O tutto o niente. Evidentemente a Crotone la ruota gira così, e così continuerà a girare. Purtroppo per qualcuno, per fortuna per qualcun’altro. Sporca, maltrattata e trascurata è la città, sporco, maltrattato e trascurato è il cimitero. Reali e tristi similitudini, che mettono purtroppo in risalto un modo di pensare e di fare ormai “culturalmente” radicato, e molto difficile se non impossibile da modificare. E la cosa molto probabilmente peggiore, è che tale situazione di consapevole degrado urbano è purtroppo divenuto ordinario e normale.
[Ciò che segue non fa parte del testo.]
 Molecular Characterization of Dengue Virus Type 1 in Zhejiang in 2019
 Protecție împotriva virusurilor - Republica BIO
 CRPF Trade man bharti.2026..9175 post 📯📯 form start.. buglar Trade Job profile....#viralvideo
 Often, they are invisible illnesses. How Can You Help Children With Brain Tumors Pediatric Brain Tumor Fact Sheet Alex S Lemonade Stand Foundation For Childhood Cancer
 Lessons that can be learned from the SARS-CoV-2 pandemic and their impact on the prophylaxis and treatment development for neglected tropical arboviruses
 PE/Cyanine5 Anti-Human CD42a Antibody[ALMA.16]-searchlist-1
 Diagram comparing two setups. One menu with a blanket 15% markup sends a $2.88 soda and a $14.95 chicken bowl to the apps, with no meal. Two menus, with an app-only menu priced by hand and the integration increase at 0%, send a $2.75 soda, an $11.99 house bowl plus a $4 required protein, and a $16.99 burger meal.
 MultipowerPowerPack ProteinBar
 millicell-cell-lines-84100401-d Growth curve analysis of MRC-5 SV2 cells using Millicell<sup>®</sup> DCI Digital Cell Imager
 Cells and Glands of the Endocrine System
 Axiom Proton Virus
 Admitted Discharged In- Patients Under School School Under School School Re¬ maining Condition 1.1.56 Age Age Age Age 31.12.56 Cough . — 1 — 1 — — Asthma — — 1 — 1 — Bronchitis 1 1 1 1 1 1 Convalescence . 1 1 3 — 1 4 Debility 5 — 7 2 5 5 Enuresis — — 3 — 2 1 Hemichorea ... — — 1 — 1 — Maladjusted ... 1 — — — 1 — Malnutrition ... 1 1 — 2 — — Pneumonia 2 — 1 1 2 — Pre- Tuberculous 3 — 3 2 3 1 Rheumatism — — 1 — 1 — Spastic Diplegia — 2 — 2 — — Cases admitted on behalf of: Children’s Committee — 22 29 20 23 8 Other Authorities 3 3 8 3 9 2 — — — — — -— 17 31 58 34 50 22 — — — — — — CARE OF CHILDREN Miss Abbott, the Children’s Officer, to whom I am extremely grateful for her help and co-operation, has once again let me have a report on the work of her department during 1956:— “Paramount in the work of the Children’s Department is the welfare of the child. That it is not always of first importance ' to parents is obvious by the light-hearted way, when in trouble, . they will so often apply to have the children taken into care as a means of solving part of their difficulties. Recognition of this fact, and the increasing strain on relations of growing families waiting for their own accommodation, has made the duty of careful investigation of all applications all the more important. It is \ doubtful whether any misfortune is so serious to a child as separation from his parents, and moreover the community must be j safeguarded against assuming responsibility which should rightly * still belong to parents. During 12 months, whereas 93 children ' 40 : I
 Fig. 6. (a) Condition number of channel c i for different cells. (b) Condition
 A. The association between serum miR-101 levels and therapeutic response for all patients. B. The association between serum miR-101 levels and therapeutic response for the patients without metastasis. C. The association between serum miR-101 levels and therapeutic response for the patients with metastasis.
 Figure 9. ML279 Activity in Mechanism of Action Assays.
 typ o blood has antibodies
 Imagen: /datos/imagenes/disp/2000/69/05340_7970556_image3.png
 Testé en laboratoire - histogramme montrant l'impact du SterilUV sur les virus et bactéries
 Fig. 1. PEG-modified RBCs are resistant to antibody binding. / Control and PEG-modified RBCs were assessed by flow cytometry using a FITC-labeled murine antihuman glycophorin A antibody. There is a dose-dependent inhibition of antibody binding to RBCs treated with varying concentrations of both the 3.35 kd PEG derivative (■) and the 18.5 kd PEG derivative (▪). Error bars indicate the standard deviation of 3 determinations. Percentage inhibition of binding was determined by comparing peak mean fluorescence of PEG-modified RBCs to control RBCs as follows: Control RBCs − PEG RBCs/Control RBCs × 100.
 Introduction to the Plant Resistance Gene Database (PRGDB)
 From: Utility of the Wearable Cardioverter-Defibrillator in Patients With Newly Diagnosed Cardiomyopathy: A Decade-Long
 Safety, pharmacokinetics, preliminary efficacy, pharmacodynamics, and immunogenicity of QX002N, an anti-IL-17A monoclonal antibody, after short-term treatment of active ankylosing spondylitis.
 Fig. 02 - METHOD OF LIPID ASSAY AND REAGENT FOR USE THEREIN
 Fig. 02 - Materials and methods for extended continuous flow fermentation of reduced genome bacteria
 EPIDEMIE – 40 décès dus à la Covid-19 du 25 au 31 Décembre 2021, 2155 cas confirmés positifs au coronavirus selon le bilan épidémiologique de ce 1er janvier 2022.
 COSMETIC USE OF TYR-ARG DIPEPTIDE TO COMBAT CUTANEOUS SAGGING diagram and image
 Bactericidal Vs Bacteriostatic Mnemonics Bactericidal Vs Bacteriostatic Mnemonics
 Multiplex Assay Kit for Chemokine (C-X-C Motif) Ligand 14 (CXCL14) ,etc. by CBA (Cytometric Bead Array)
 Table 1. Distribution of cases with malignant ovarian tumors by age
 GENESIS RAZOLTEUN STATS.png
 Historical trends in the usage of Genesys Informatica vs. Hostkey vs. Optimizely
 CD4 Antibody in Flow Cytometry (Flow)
Ed a nessuno o quasi piace l’idea di dover cambiare tale, “conveniente” andazzo. Dispiace dirlo, ripeterlo e ribadirlo, ma è palesemente così. Lo dice il tempo che passa, fatti oggettivi che non cambiano, e che portano sempre nella medesima direzione. A Crotone non si “differenzia” niente. Da sempre. Con facili parole, fumo negli occhi ed uno stato di perenne e totale emergenza vogliono farci vedere e credere chissà cosa, quando la realtà invece è tutt’altra. Can che abbaia non morde, il guinzaglio è lungo, ed i veri padroni intanto organizzano i giochi.